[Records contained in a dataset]
....................

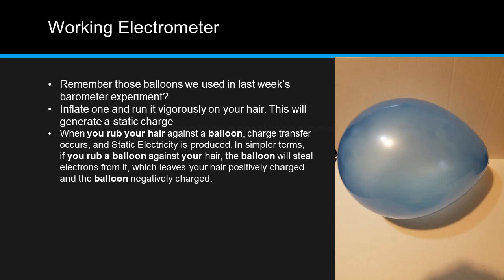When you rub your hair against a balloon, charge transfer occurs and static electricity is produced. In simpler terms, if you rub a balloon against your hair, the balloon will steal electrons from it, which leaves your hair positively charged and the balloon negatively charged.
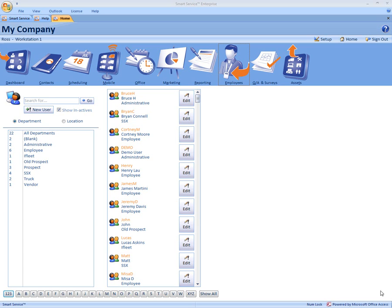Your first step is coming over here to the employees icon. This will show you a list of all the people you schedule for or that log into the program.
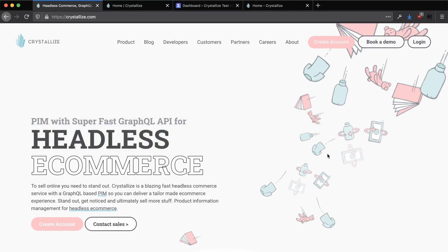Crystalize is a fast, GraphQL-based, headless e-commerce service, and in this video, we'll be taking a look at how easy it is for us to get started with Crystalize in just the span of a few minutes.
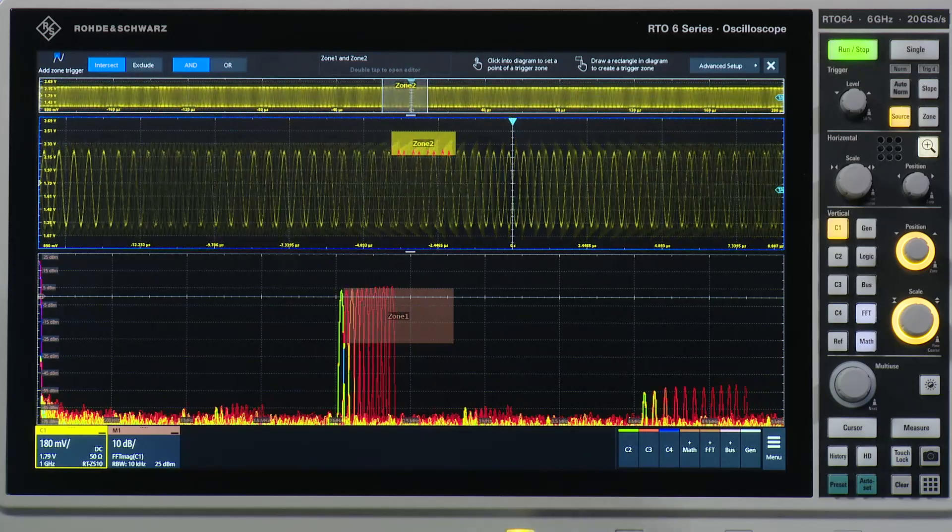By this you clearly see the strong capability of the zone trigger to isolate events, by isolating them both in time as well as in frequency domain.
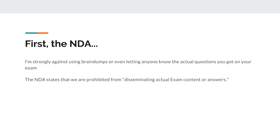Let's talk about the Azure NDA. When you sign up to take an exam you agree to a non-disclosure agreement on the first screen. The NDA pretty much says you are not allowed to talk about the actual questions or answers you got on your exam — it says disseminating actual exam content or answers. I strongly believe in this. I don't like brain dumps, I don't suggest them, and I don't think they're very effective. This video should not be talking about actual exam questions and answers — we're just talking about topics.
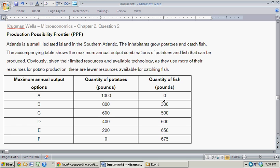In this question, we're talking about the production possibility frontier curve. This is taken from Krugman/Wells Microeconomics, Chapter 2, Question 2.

....................

§ The problem: Before copying, set the pictures aside; then reproduce each entry above exactly.

§ Result of the exercise:
When you rub your hair against a balloon, charge transfer occurs and static electricity is produced. In simpler terms, if you rub a balloon against your hair, the balloon will steal electrons from it, which leaves your hair positively charged and the balloon negatively charged.
Your first step is coming over here to the employees icon. This will show you a list of all the people you schedule for or that log into the program.
Crystalize is a fast, GraphQL-based, headless e-commerce service, and in this video, we'll be taking a look at how easy it is for us to get started with Crystalize in just the span of a few minutes.
By this you clearly see the strong capability of the zone trigger to isolate events, by isolating them both in time as well as in frequency domain.
Let's talk about the Azure NDA. When you sign up to take an exam you agree to a non-disclosure agreement on the first screen. The NDA pretty much says you are not allowed to talk about the actual questions or answers you got on your exam — it says disseminating actual exam content or answers. I strongly believe in this. I don't like brain dumps, I don't suggest them, and I don't think they're very effective. This video should not be talking about actual exam questions and answers — we're just talking about topics.
In this question, we're talking about the production possibility frontier curve. This is taken from Krugman/Wells Microeconomics, Chapter 2, Question 2.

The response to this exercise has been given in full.